Les certains moments de folie et de pur plaisir se comptent sur une main, mais pour les seuls morceaux de violence et de dégueulasserie, il faut se l’avouer c’est très bien fait. Difficile malheureusement de passer devant l’orgie d’hémoglobine et d’animosité qui était présente dans la version de 2012. Ça fait partie des bases d’Evil Dead, même si celles-ci sont souvent gratuites, les scènes de violence sont à savourer comme les petits toasts présents à Noel. Etant un grand fan de cet univers si mythique, je dois l’avouer je n’ai pas boudé mon plaisir. Ce n’est pas un ratage complet, mais j’en demandais peut être un peu de trop. Au moment où j’écris ces lignes, Bruce Campbell, acteur de génie prêtant sa carrure cartoonesque au personnage de Ash dans la trilogie originelle et producteur sur Evil Dead Rise, a annoncé son désir de sortir plus de films de cet univers avec un délai bien plus rapide. Alors sommes-nous devant la mort d’un univers si riche qu’il en deviendra générique ou alors est-ce là une porte ouverte pour les réalisateurs voulant se tester en créant quelque chose d’original? Seul le futur nous le dira.

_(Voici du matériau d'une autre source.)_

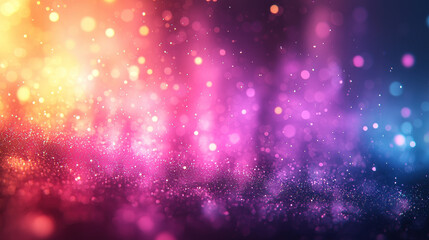 Obraz premium Colorful glitter sparkles on dark background, festive bokeh lights backdrop for celebrations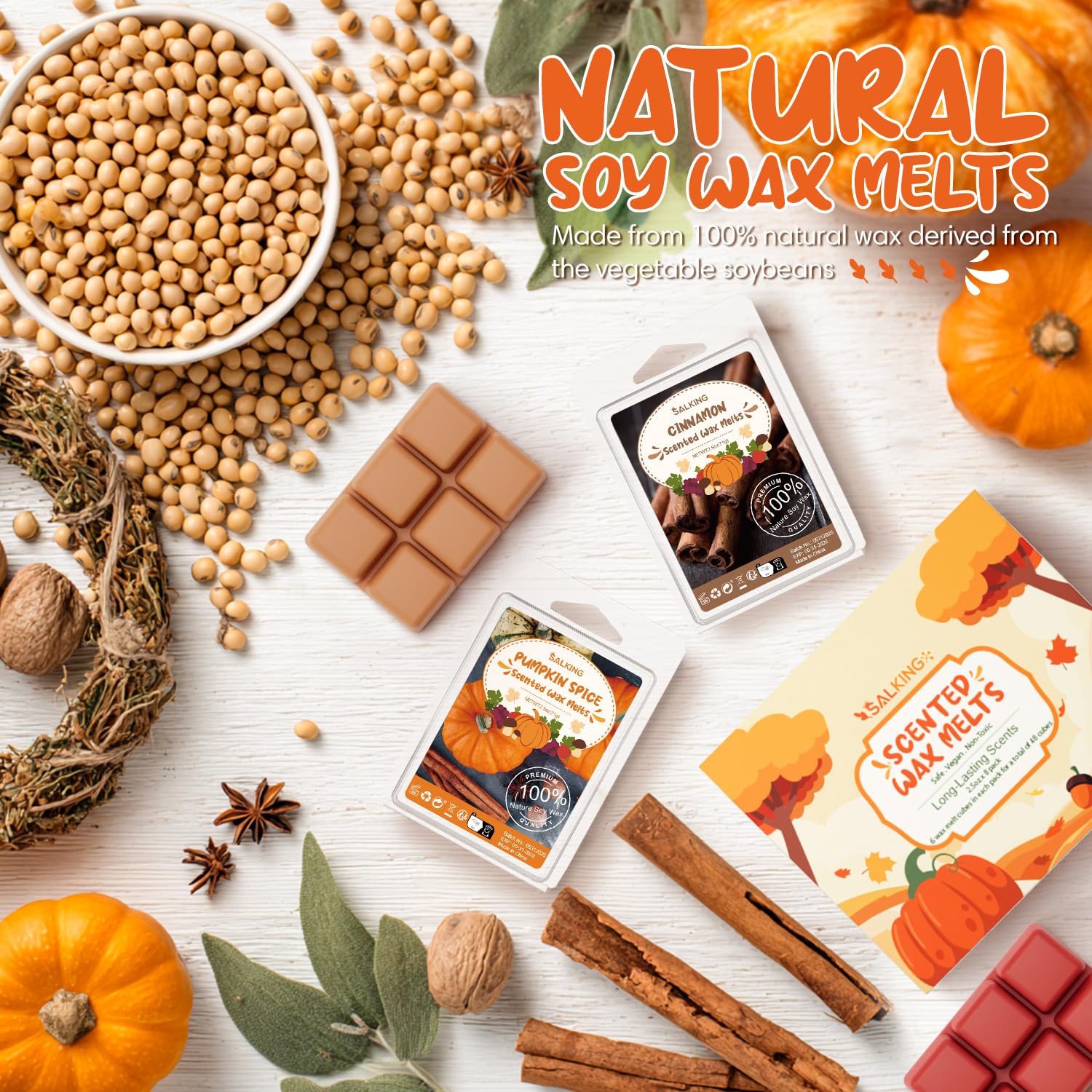 SALKING Autunnale Set di Tart Profumate Cera per Lampada Profumata, 100% Cera di Soia Naturale, Candela Profumata per Ambienti, set Regalo di Profumi di Zucca e Cannella per Halloween, Natale, 8 pz.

Evil Dead Rise est un condensé de choix scénaristiques clichés, mais qui a réussi à briller dans certains moments où la brutalité de la mise en scène fait écho aux scènes violentes du métrage. Un film qui va préférer user d’effets pratiques dans un monde où l’utilisation de CGI à outrance est présente dans les blockbusters actuels. Lee Cronin exprime son amour pour l’oeuvre originelle, mais ne réussit qu’à séduire de moitié.
Evil Dead Rise de Lee Cronin, 1h37, avec Lily Sullivan, Alyssa Sutherland, Morgan Davies – Au cinéma le 19 avril 2023.